= Data listing =
*** Begin section ***

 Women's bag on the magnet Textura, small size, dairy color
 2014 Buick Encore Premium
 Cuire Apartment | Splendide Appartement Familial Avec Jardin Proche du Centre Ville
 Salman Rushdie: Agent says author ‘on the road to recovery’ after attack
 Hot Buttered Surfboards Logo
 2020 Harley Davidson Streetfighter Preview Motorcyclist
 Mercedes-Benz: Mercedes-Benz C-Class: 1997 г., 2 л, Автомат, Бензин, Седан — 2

*** End section ***
*** Begin section ***

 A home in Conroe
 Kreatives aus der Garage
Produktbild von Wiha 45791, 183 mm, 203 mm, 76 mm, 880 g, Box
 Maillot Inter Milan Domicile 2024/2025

*** End section ***

= Exercise details =
In the data above, start at the line that has "Salman Rushdie: Agent", stop after the line that has "Mercedes-Benz: Mercedes-Benz C-Class: 1997", and print every line in between exactly as it stands.

= Output below =
 Salman Rushdie: Agent says author ‘on the road to recovery’ after attack
 Hot Buttered Surfboards Logo
 2020 Harley Davidson Streetfighter Preview Motorcyclist
 Mercedes-Benz: Mercedes-Benz C-Class: 1997 г., 2 л, Автомат, Бензин, Седан — 2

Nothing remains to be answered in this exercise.